- _THE PROBLEM_: Only one stretch of the data below is wanted: the lines from the one with "Foto 3 van Head" through the one with "Makeup Beauty Sponge Set", repeated exactly.

- _DATA FOR THIS EXERCISE_:
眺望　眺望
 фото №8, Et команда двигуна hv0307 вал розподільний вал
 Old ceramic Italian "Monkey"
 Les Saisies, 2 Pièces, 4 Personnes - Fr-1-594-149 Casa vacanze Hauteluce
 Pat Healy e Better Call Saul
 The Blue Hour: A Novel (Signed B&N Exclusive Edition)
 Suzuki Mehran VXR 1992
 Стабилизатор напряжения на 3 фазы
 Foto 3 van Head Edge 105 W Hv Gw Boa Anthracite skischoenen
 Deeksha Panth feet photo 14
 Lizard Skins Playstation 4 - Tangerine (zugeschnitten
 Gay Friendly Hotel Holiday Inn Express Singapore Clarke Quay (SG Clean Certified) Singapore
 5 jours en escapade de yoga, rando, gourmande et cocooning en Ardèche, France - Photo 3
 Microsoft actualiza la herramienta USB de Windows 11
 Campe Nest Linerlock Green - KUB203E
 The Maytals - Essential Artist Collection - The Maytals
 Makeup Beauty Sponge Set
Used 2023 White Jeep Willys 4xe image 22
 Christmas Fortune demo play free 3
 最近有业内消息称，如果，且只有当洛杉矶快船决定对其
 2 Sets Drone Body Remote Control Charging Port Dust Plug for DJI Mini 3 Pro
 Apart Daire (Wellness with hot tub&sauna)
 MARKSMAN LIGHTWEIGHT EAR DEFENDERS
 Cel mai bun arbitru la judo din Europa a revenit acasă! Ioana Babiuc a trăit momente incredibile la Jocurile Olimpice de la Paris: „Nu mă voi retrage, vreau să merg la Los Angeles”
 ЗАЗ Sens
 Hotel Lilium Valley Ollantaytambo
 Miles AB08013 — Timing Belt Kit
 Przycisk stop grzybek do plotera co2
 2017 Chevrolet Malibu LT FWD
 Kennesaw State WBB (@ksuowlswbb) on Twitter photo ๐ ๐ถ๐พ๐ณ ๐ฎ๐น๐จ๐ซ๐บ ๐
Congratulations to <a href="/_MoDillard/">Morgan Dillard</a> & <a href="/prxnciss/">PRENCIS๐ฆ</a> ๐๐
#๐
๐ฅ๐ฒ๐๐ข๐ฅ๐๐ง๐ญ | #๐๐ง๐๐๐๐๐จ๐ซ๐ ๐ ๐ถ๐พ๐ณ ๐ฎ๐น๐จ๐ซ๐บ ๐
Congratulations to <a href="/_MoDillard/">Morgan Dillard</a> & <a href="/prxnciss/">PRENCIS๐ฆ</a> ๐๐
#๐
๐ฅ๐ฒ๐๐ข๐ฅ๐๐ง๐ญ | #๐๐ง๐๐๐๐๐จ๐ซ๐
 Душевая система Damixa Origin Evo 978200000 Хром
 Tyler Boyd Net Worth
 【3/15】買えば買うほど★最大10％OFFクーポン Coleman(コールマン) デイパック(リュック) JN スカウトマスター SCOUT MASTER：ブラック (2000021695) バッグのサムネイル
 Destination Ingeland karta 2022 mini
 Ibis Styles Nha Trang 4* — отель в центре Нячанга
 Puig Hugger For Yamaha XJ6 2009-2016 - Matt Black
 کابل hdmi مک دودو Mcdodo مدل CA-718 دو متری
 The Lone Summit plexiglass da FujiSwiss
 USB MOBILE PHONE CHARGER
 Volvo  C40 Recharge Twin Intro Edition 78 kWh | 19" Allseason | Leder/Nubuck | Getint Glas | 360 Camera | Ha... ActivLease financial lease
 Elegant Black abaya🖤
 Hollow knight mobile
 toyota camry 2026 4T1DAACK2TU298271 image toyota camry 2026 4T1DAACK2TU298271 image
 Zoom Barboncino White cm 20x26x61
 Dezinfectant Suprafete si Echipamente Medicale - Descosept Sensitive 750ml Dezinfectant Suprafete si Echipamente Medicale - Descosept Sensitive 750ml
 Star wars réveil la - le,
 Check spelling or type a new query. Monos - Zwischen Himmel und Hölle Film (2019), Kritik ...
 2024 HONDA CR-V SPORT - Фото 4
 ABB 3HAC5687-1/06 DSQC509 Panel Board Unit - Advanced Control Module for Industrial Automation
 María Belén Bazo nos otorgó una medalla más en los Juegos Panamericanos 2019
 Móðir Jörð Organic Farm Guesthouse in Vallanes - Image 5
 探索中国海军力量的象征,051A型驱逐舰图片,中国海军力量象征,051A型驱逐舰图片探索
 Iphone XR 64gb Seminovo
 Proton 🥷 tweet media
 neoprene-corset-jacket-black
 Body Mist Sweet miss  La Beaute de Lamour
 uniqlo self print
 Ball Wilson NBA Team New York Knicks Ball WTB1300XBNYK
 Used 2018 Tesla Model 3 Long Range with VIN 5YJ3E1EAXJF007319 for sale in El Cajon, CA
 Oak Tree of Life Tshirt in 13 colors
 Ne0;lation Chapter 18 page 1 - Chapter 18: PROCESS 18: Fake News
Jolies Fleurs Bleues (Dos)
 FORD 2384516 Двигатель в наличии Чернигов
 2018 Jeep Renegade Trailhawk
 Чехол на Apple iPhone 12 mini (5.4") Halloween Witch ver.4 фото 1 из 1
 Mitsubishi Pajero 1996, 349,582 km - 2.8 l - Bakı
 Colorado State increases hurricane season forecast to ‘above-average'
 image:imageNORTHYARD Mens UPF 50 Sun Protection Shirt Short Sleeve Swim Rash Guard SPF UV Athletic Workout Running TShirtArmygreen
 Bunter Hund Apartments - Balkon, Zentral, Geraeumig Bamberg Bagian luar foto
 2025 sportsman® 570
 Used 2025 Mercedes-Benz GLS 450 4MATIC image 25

- _RESULT FOR THIS EXERCISE_:
 Foto 3 van Head Edge 105 W Hv Gw Boa Anthracite skischoenen
 Deeksha Panth feet photo 14
 Lizard Skins Playstation 4 - Tangerine (zugeschnitten
 Gay Friendly Hotel Holiday Inn Express Singapore Clarke Quay (SG Clean Certified) Singapore
 5 jours en escapade de yoga, rando, gourmande et cocooning en Ardèche, France - Photo 3
 Microsoft actualiza la herramienta USB de Windows 11
 Campe Nest Linerlock Green - KUB203E
 The Maytals - Essential Artist Collection - The Maytals
 Makeup Beauty Sponge Set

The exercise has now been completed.